Jesus is frank with us about the likelihood of these situations. And I don’t think when he was telling his disciples this, he wasn’t telling himself, too (in Luke 12:47ff), “I tell you, my friends, do not be afraid of those who kill the body and after that can do no more. But I will show you whom you should fear: Fear him who, after the killing of the body, has power to throw you into hell. Yes, I tell you, fear him. Are not five sparrows sold for two pennies? Yet not one of them is forgotten by God. Indeed, the very hairs of your head are all numbered. Don’t be afraid; you are worth more than many sparrows.”Don’t you think Jesus was a Joseph? Wouldn’t he also say, “I would rather risk the wrath of the earth-bound people who threaten me than sin against what is from God for all eternity.”

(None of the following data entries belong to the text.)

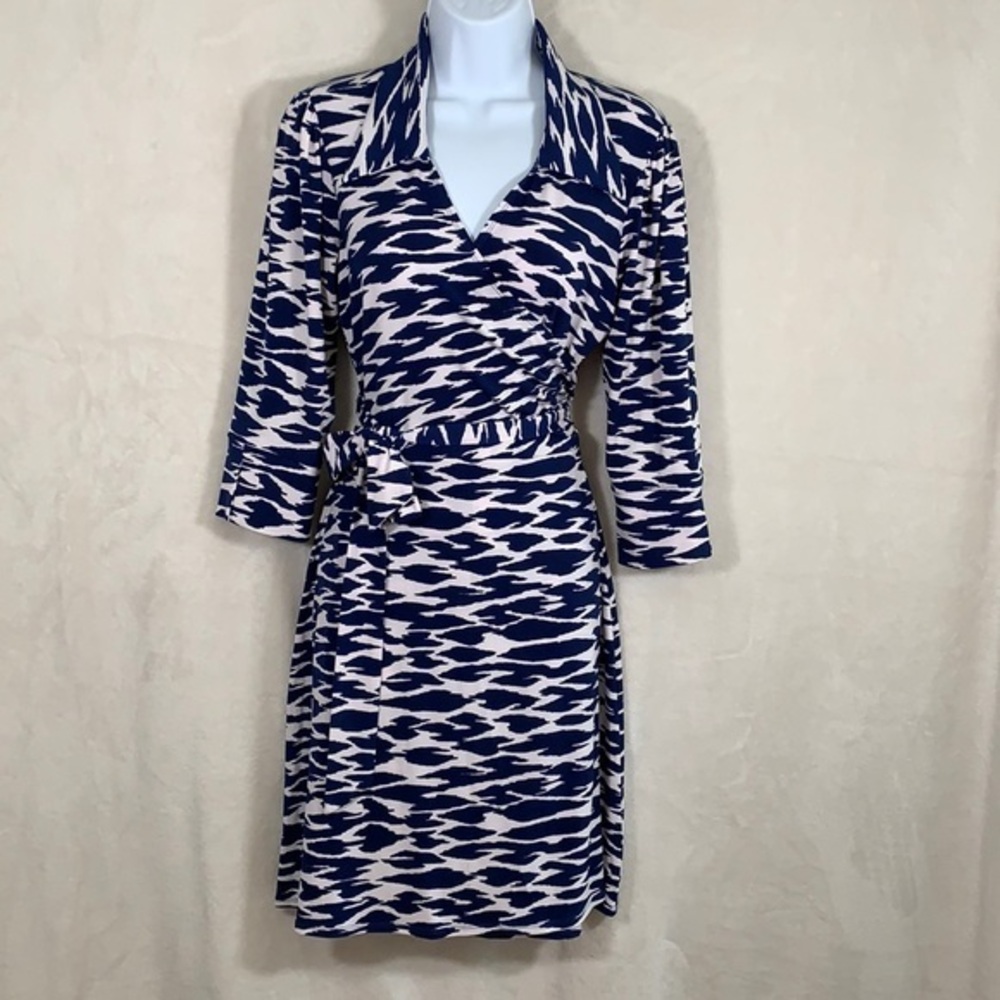 Laundry by design wrap dress. Size Medium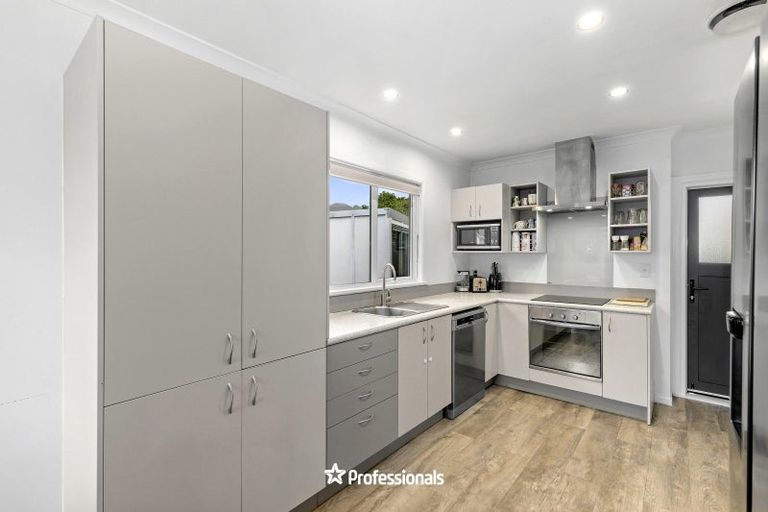 Photo of property in 42 Mountbatten Grove, Clouston Park, Upper Hutt, 5018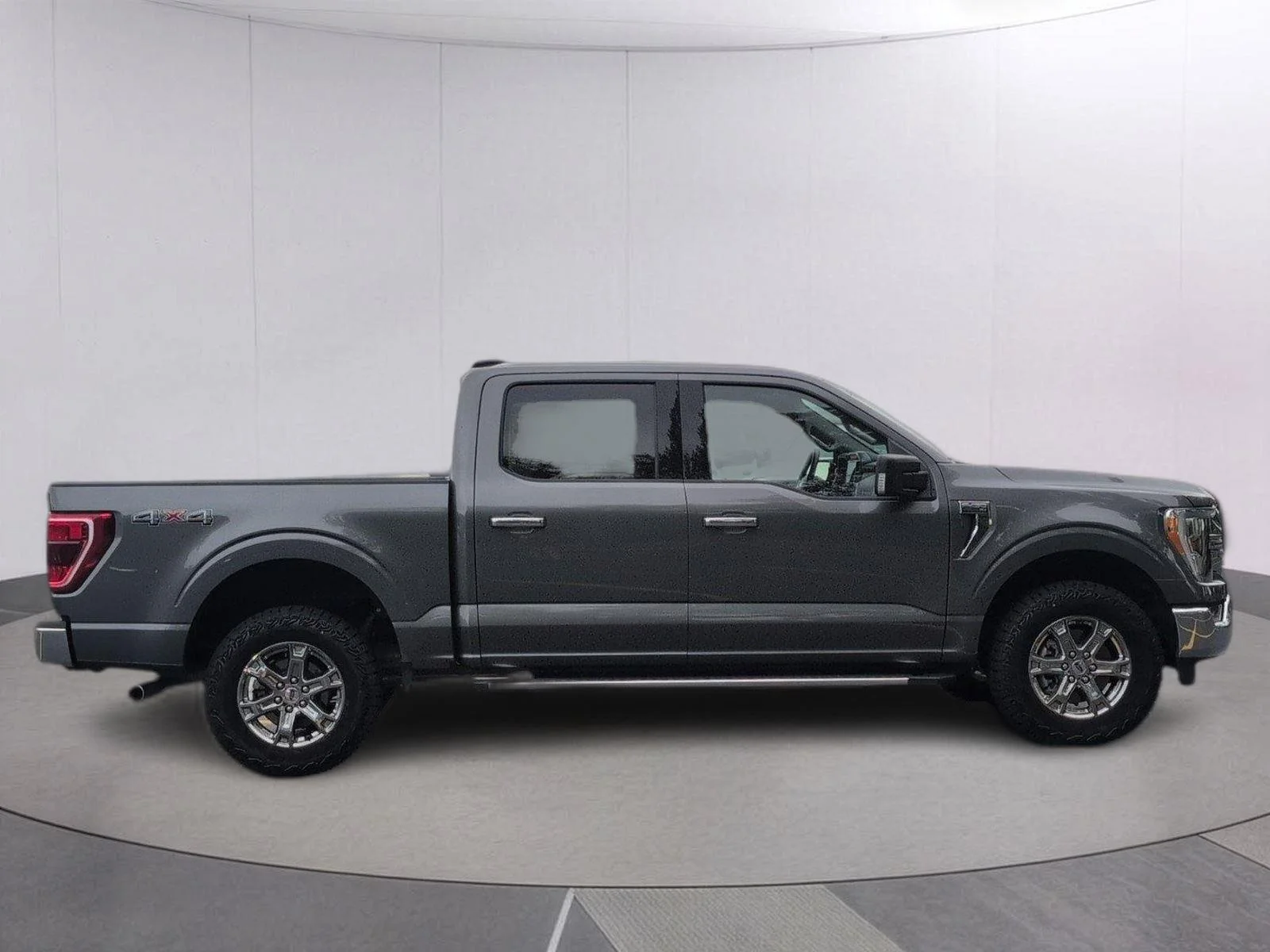 Used 2023 Carbonized Gray Ford XLT image 8
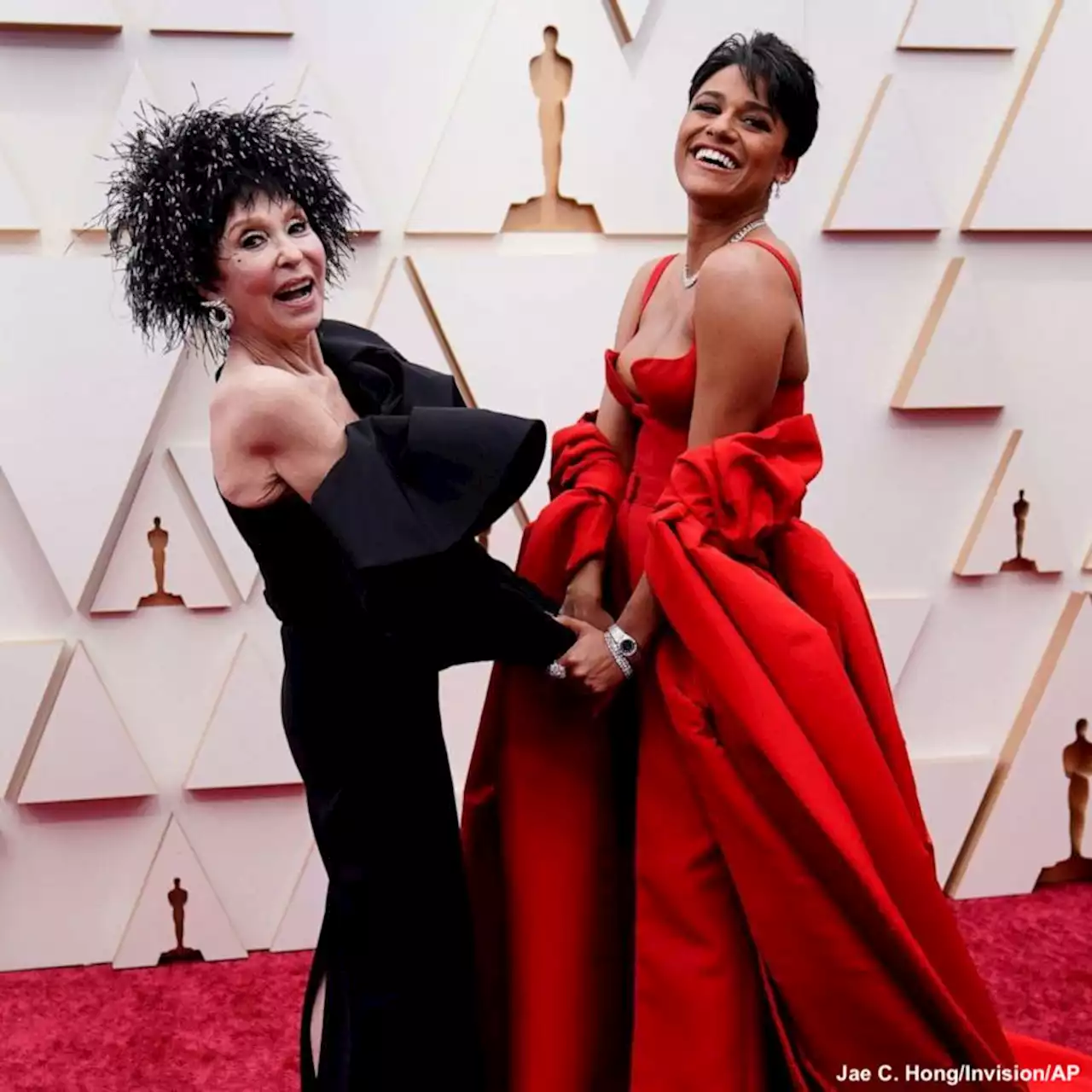 Oscars 2022 live updates: Stars hit the red carpet at 94th Academy Awards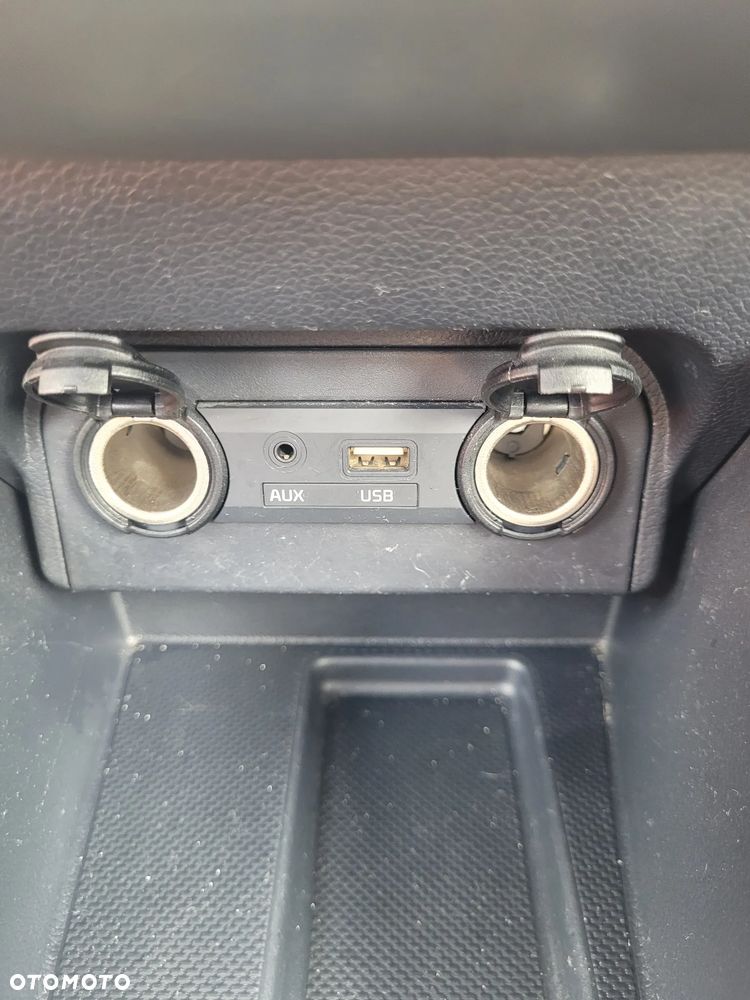 Kia Rio - 18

Getting through this fear is the way through the roadblock to faith that comes up in our journey through the thirties. That is especially hard these days, because our whole country has been bending the knee to fear since 9/11. People have been appalled this week that the junta in Myanmar (which our president’s insult-first policy causes him to call Burma), has been surrounding Buddhist monasteries and keeping the monks from going out to protest. It is such naked domination. Meanwhile, the powers that be here in the U.S., have been using the means of domination (mainly the money to buy the air waves and direct the communication) to convince the country to spend billions to pursue Osama bin Laden in Iraq when he is in Pakistan making videos, all out of fear. We’re all reacting to it. Joseph does not react to his fear of the future when he refuses to jump into bed with Potiphar’s wife and that is what keeps him moving toward becoming the man he is destined to become.
More specifically for believers, we have to face our fear of the consequences of following Jesus. Just being a Christian can be a fearsome thing. We have some Joseph–like believers in our cell; I hope they will tell you stories. But, we also have a lot of friends who are really struggling with the fear they have about being a Christian. Simply not doing what others are doing because they go to a cell meeting and a PM each week makes them a weird person in the eyes of their friends and family – that tiny show of devotion gets them in trouble with other masters! What if they did what the Holy Spirit really compels them to do? What if they said what they really believe? What if they doubted out loud about the things that run them, like the things that run them doubt about them? I sent a youtube screed by Bill Maher the other day as an example of what we’re up against.
We’ll see the results of Joseph’s actions in full as the story goes on. At this point we see that his actions get him thrown into prison — where he prospers. The upside-down logic of God is something that 30something Joseph is now fully capable of accepting and living out. All us 30somethings have come to that age and can do it, or not. Now is the time. You’ll either be a slave to an earthly master, committing adultery against God, your husband, or you will honor your true self and dare to risk the consequences of faithfulness. You’ll say right in their faces, speaking the truth in love, “How could I do this thing and sinagainst God?”